At Milton High, he added, the students are scheduled by department, not by team. As a result, teachers don’t have similar time off during the school week.
Part of the problem has been the recent cutting back of reading coaches and support staff due to budget cuts, according to the review-team presentation. Cutbacks in electives have also impacted how teachers budget their time, Phelan said.
Another challenge, school officials say, is trying to establish uniformity in instructional benchmarks and curriculum planning. Both Sherman and Nephew spoke of the importance of improving “vertical articulation,” a term educators use that reflects their desire to see common curriculum language across grade levels. Nephew said that practice allows teachers to better understand what students have learned in prior grades and what they should expect to know as they move ahead.
“The first step is developing uniform curriculum documentation to create a common language. We need to better document what we do and make sure it works,” Nephew told the School Committee.
She expanded on that point in a follow-up interview with the Times.
“Right now we have curriculum documents for each [grade] level, but in different formats,” Nephew explained.
Phelan said part of the challenge is that curriculum documents are constantly being re-examined and updated based upon continuing administrative assessments. The elementary-level document alone is hundreds of pages, which gets reviewed in depth every three years, according to the assistant superintendent.
“To put it in layman’s terms, people often think of curriculum like it’s a book, like a math book or an English book. But that’s really not the case. It’s a free-flowing document. It’s constantly being re-evaluated,” he said.

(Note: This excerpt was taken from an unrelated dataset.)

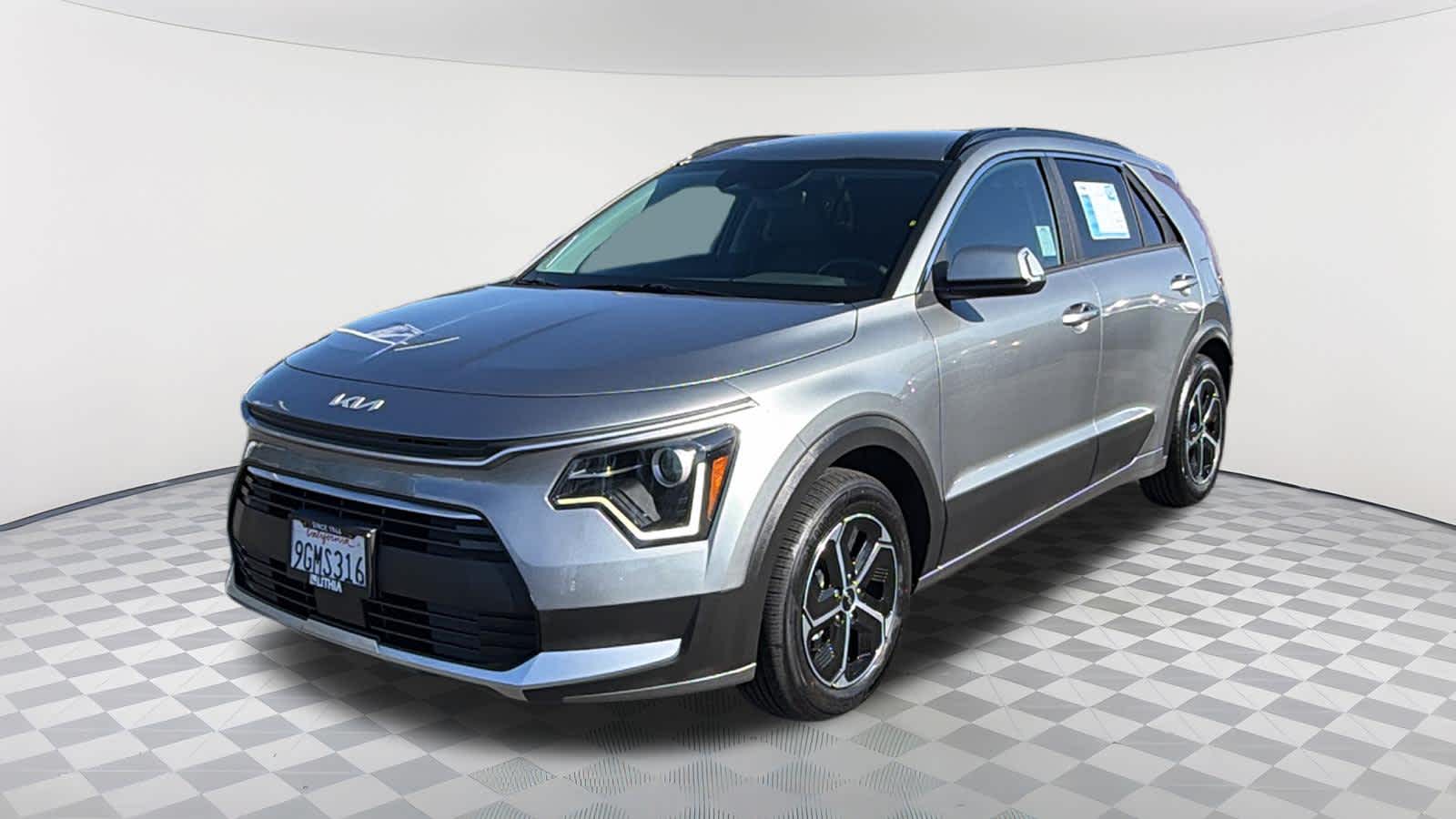 2023 Kia Niro EX FWD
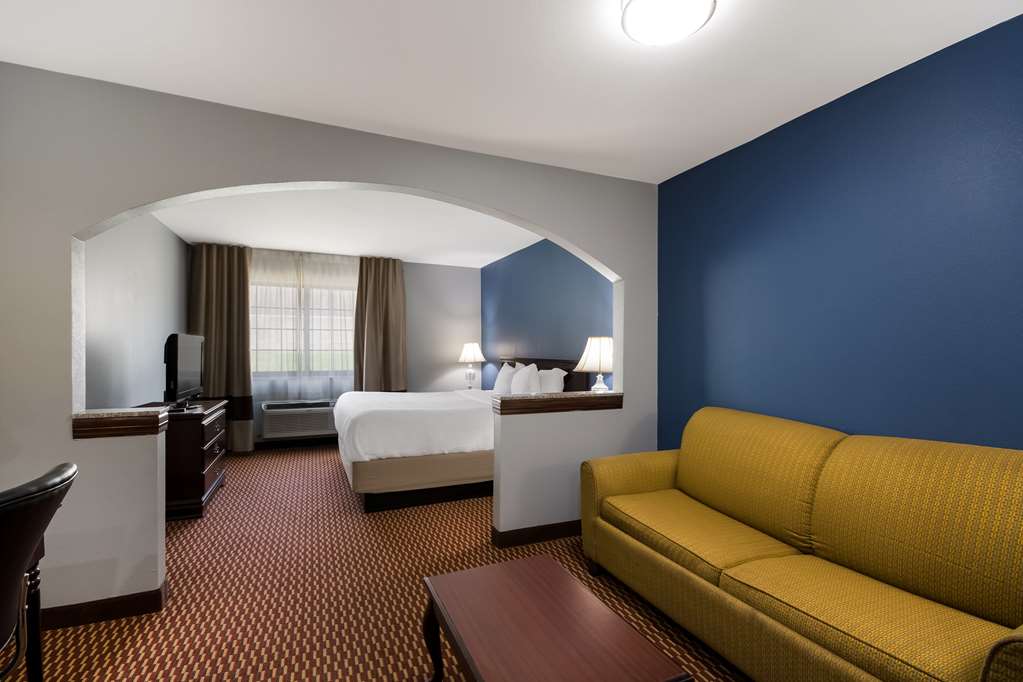 Quality Inn & Suites Oklahoma City North - photo 27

The members of the curriculum review team have put plans into action.
“Because this has been a three-year journey, we have been implementing some things already, along the way” Nephew said during the School Committee presentation. “We’re constantly observing and reacting.”
Recent initiatives aimed at improving curriculum have included the scheduling of literary nights geared toward elementary and middle school parents, and instruction toward open-response questions, according to officials. According to Sherman, there is also a goal of creating libraries within classrooms at the lower grades.
Some of the initiatives are being funded outside of the budget. The Milton Foundation for Education, a fund-raising organization, has helped buy books for elementary and middle school classrooms. Thanks to the MFE, all high school classrooms also have SMART Board instruction devices.
In addition, the East Milton Branch Library, which recently shut its doors, has donated books to the growing volume of in-class reading titles, according to Sherman.
Nephew spoke of the value of teachers and parents encouraging reading for pleasure among children, as well as the need for “silent, sustained reading” during class.
She said those methods have proven to show results in the type of figurative and open-ended material with which young students often struggle.
“Having that part of the curriculum is crucial,” Nephew said.
With the English review team completing its work, Phelan said the school administration will review the document internally and decide the next step forward. Phelan said administrators meet monthly with principals.
“We will meet with [School Superintendent] Mary Gormley and the rest of the team and start to prioritize the things teachers are saying they want to see,” Phelan said. “We’ll see how much of it we can bite off this year and what part of it is more long term.”